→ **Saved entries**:
= Beginning of Section =

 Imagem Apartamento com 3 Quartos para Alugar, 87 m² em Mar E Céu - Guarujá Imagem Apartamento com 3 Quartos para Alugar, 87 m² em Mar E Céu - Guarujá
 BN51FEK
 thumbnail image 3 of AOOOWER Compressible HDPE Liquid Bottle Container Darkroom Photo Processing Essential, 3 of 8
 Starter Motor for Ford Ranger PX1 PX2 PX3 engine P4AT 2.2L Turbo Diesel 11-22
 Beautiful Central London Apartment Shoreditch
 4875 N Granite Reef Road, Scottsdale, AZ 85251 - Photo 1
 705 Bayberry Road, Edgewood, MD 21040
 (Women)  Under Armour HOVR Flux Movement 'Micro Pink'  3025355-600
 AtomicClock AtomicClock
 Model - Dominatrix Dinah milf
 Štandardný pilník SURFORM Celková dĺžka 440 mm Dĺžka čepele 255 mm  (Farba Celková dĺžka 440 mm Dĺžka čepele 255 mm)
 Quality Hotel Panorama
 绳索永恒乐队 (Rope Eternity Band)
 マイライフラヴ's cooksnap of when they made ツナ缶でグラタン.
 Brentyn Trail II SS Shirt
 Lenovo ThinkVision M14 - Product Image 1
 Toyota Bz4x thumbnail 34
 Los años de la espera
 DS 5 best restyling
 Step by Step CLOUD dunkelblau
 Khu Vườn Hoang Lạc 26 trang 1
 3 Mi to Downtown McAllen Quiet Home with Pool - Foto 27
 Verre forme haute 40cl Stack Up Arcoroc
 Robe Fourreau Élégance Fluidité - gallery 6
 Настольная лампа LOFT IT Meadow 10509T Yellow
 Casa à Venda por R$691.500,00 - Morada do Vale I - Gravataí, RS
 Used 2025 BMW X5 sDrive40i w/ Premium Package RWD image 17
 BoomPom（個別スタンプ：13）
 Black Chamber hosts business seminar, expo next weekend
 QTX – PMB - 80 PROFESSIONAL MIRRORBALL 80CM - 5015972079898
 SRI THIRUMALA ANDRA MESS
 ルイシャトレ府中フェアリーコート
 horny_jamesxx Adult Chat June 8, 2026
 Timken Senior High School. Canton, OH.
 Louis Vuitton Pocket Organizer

= End of Section =

→ **What to do**: The word to find is "Photo". Copy every line of the data that holds it.

→ **Response below**:
 thumbnail image 3 of AOOOWER Compressible HDPE Liquid Bottle Container Darkroom Photo Processing Essential, 3 of 8
 4875 N Granite Reef Road, Scottsdale, AZ 85251 - Photo 1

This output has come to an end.